I think apart from religion, there is also a valueing of tangible over abstract things to many Americans. I rarely hear people describe say, chemistry as if it is just people making up stuff at will. Chemistry has beakers, and bunsen burners, that’s real science, right?
Other fields of science are just equations on a blackboard; they don’t actually test their ideas, do they?

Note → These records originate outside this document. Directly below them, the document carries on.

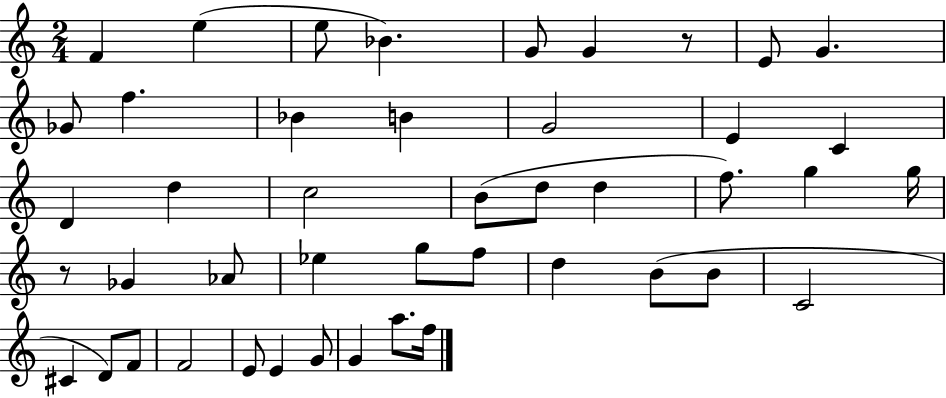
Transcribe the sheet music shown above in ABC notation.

X:1
T:Untitled
M:2/4
L:1/4
K:C
F e e/2 _B G/2 G z/2 E/2 G _G/2 f _B B G2 E C D d c2 B/2 d/2 d f/2 g g/4 z/2 _G _A/2 _e g/2 f/2 d B/2 B/2 C2 ^C D/2 F/2 F2 E/2 E G/2 G a/2 f/4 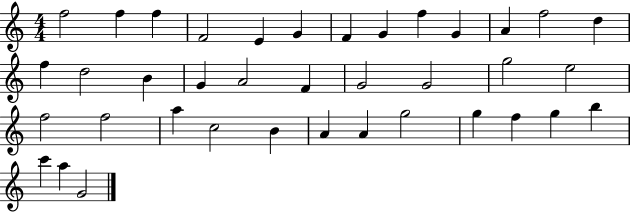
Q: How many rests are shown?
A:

So interestingly homeopathy is not “old-timey” knowledge it was actually created to be consciously diametrically opposed to the scientific method that was starting to gain traction in the medical field at the time. So it’s not that the ideas backing it up are complete nonsense (at the time of its inception nobody knew that), even if they had happened
upon an effective theory of disease they would never have developed effective treatments as they were fundamentally opposed to the science that would have let them do that
Though in defense of the founders of homeopathy they also believed (rightly) that their medicines were much better than a lot of the “scientific” medicines if the day, as they may not do very much but at least they were not actively harmful.
I don’t think your “rightly” is quite correct, but depending on how you define homeopathy and when you are talking about, humoral theory was still important in medicine, and not discarded until the 19th century (and still remains in some alternative medicine). So the founders of homeopathy weren’t exactly competing against science in the way contemporary proponents of homeopathy are.

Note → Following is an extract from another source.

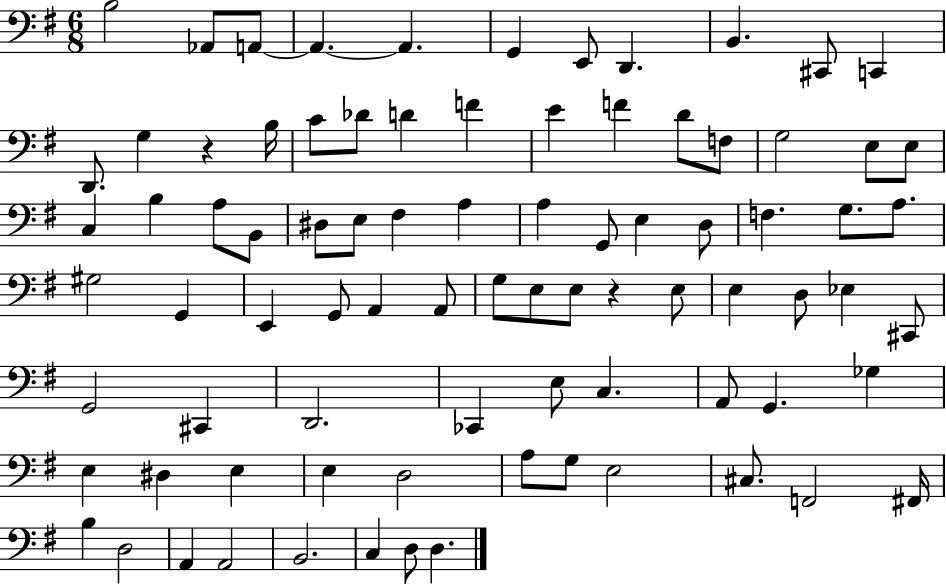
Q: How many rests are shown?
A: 2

There’s not much doubt that a “medical” treatment simply being ineffective and (mostly) harmless is an improvement on something that’s actively harmful.

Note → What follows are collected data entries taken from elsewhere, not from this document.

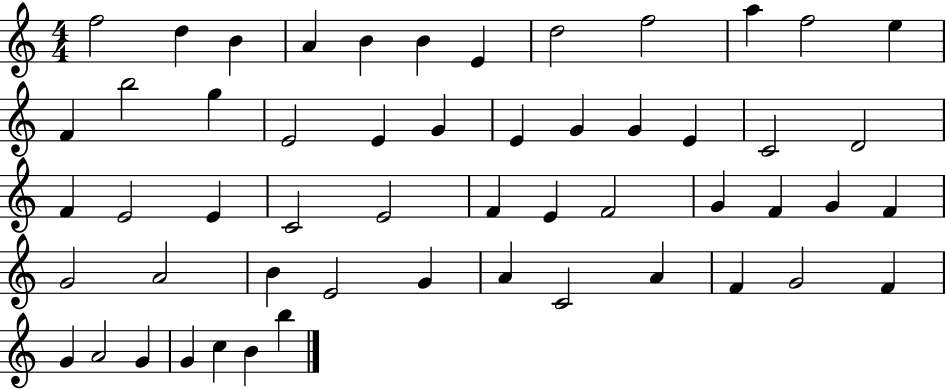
X:1
T:Untitled
M:4/4
L:1/4
K:C
f2 d B A B B E d2 f2 a f2 e F b2 g E2 E G E G G E C2 D2 F E2 E C2 E2 F E F2 G F G F G2 A2 B E2 G A C2 A F G2 F G A2 G G c B b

Science-based medicine has advanced just a wee bit since Hahnemann’ heyday in the late 18th and early 19th centuries. Interestingly, in addition to being the Founding Father of homeopathy, Hahnemann was convinced that coffee caused many diseases. Later he abandoned that theory, deciding that lichens were the source of much disease.
Further researching this idea, it seems that homeopaths are still suspicious of lichens, apparently believing that a particular lichen makes people wet, dry*, slow and jealous.
*it may seem contradictory to believe that a particular substance causes one to be wet and dry, but the author(s) also note that lichen tea used as a native American remedy was used both to relieve diarrhea and as a laxative.
All I meant was that in reference to which plants were safe to eat, which ones were medicinal, and so forth, it’s not like they had to reinvent the wheel every time; they had the wise women and shamans who were aware of that kind of thing, and filled the “expert” role. Experts aren’t a new idea at all.
The problem there is that one side of the political spectrum has, over decades, built up an alternate “truth” ecosystem that competes with the “conventional” media and experts. In my view, this is a HUGE problem- used to be that both sides had the same truth, and argued about how to deal with it, but now they just argue about what the truth is. And there’s no good way out of that- if through some quirk of nature, a real true fact was held by the Fox/Newsmax side of things, I know I’d certainly disregard it because of where it comes from, and I have no doubt whatsoever that the people on the other side are constantly doing the same thing.
Yeah, I’ve said things that reference geological time to people, and their eyes just glaze over; they apparently can’t even comprehend the idea of millions and billions of years passing. It’s not someone getting huffy that Bishop Ussher said the world was 4008 years old because the Bible says so, it’s watching the mental safety valve pop open while they think.
It’s being unable to transition from the concrete “a year is 365 days, four seasons, 12 months, 52 weeks” type thinking to “34 million years ago, the Himalayas were forming, the Ice ages were beginning, and our ancestors were some sort of proto-Old World monkeys.” And going past that to realize that 34 million years ago was recent in geologic time is just beyond them.
I suspect that talking in light years, and other astronomical units is similarly unable to be abstractly understood by many people. Or microscopic things- like how small bacteria and viruses are, could be another one they can’t quite grasp.